The flagship assessment by the United Nations University and its water institute, UNU-INWEH, argues that commonly used terms such as ‘water stress’ and ‘water crisis’ no longer reflect reality in many regions. Instead, it says, large parts of the global water system are now in a post-crisis state where historic conditions cannot realistically be restored.
Lead author Kaveh Madani, director of UNU-INWEH, said societies have been ‘living beyond their hydrological means’ for decades.
‘Many critical water systems are already bankrupt,’ Madani said. ‘We are no longer dealing with temporary shortages or shocks that systems can bounce back from. In many places, the natural capital that once produced reliable water supplies has been permanently damaged.’
Living beyond water ‘income’
Using a financial analogy, the report says countries have not only overspent their annual renewable water ‘income’ from rivers, rainfall and snowpack, but have also depleted long-term ‘savings’ stored in aquifers, wetlands and glaciers.
This has resulted in compacted aquifers, sinking cities, disappearing lakes and wetlands, and widespread biodiversity loss that cannot be reversed or would be prohibitively expensive to repair.
The report formally defines water bankruptcy as persistent over-withdrawal and pollution of surface and groundwater beyond renewable inflows and safe depletion limits, leading to irreversible loss of water-related natural capital. By contrast, ‘water stress’ describes high pressure that remains reversible, while ‘water crisis’ refers to acute, time-limited shocks.
A global risk, not isolated failures
While not every basin or country is water-bankrupt, the report warns that enough critical systems have crossed these thresholds to fundamentally alter the global risk landscape.
‘These systems are interconnected through food trade, migration, climate feedbacks and geopolitics,’ Madani said. ‘When water fails in one region, the consequences travel.’
Agriculture sits at the centre of the problem. Around 70 percent of global freshwater withdrawals are used for farming, much of it in water-stressed regions. Groundwater now supplies about half of domestic water use worldwide and more than 40 percent of irrigation, even as most major aquifers show long-term decline.
Stark figures
Drawing on global datasets, the report highlights the scale of human-driven water loss:
The human consequences are already visible. Roughly three-quarters of the global population live in countries classified as water-insecure or critically water-insecure, while about two billion people live on sinking ground caused by groundwater over-pumping.

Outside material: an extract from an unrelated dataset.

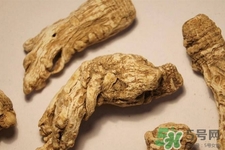 川芎的營養(yǎng)價(jià)值 川芎的功效與作用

From crisis management to bankruptcy management
The report warns that the current global water agenda, largely focused on drinking water, sanitation and incremental efficiency gains, is no longer fit for purpose in many regions.
Instead, it calls for a fundamental reset that formally recognises water bankruptcy, prevents further irreversible damage, rebalances water rights to reflect degraded capacity, and supports just transitions for communities whose livelihoods must change.

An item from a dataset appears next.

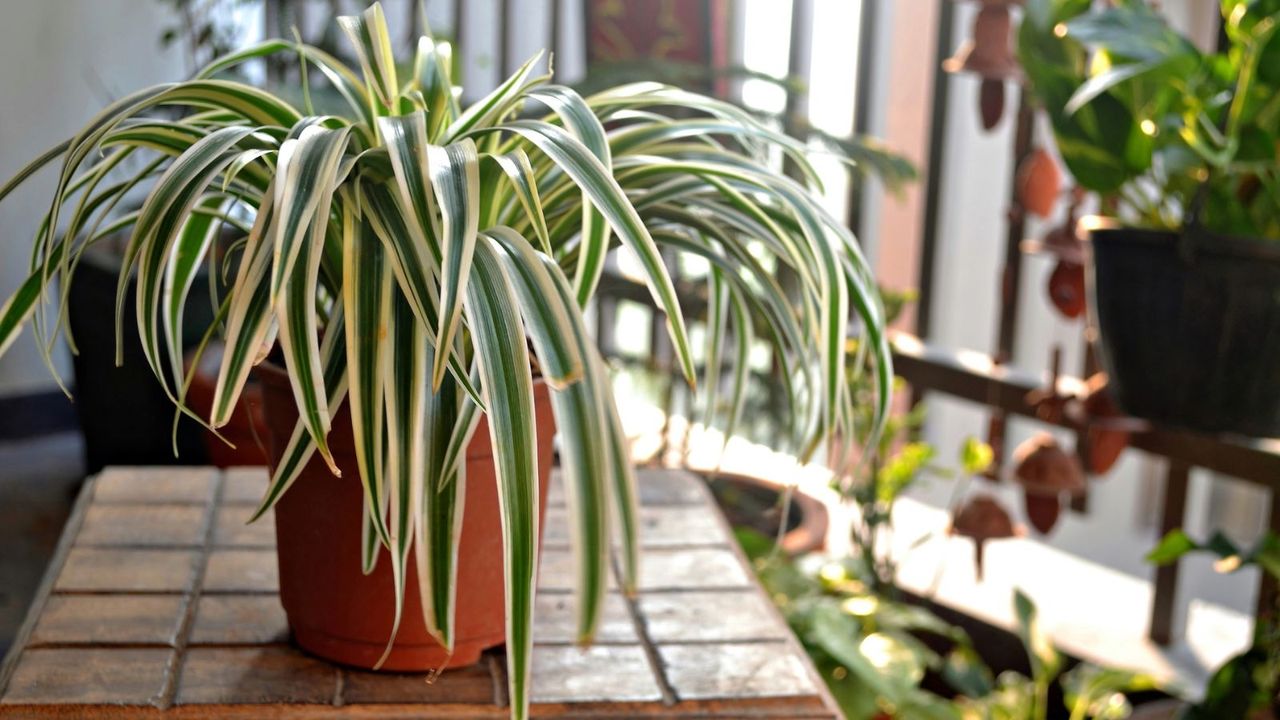 Spider plant on surface near window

Water, the authors argue, should be treated as an upstream strategic sector rather than a downstream victim of climate change, biodiversity loss and land degradation.

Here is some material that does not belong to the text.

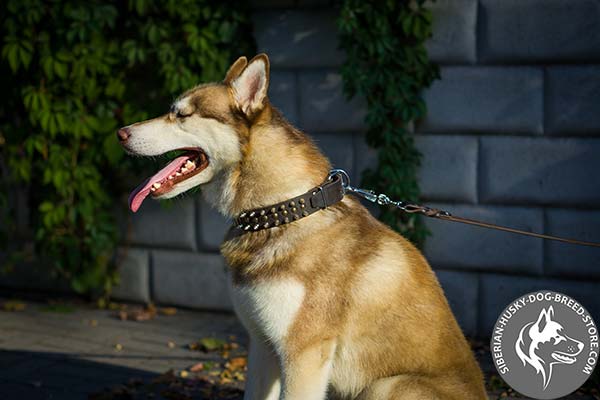 Siberian Husky genuine leather collar for everyday walking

‘Investment in water is investment in climate stability, food security, biodiversity and peace,’ Madani said. ‘In a fragmented world, water can still be a bridge.’
A test for global leadership
The warning comes ahead of preparatory meetings for the UN Water Conference in Dakar later this month and the 2026 UN Water Conference, to be co-hosted by the United Arab Emirates and Senegal.
UN officials say those milestones, alongside the 2030 Sustainable Development Goals deadline, will be critical in determining whether governments shift from short-term emergency responses to long-term management of irreversible water loss.
‘Water bankruptcy is becoming a driver of fragility, displacement and conflict,’ said Tshilidzi Marwala, rector of the United Nations University. ‘Managing it fairly is now central to peace, stability and social cohesion.’
Despite its stark conclusions, the report says it is not a message of defeat.
‘Declaring bankruptcy is not about giving up,’ Madani said. ‘It is about facing reality, stopping further losses, and redesigning our systems to live within new hydrological limits. The longer we delay, the deeper the deficit grows.’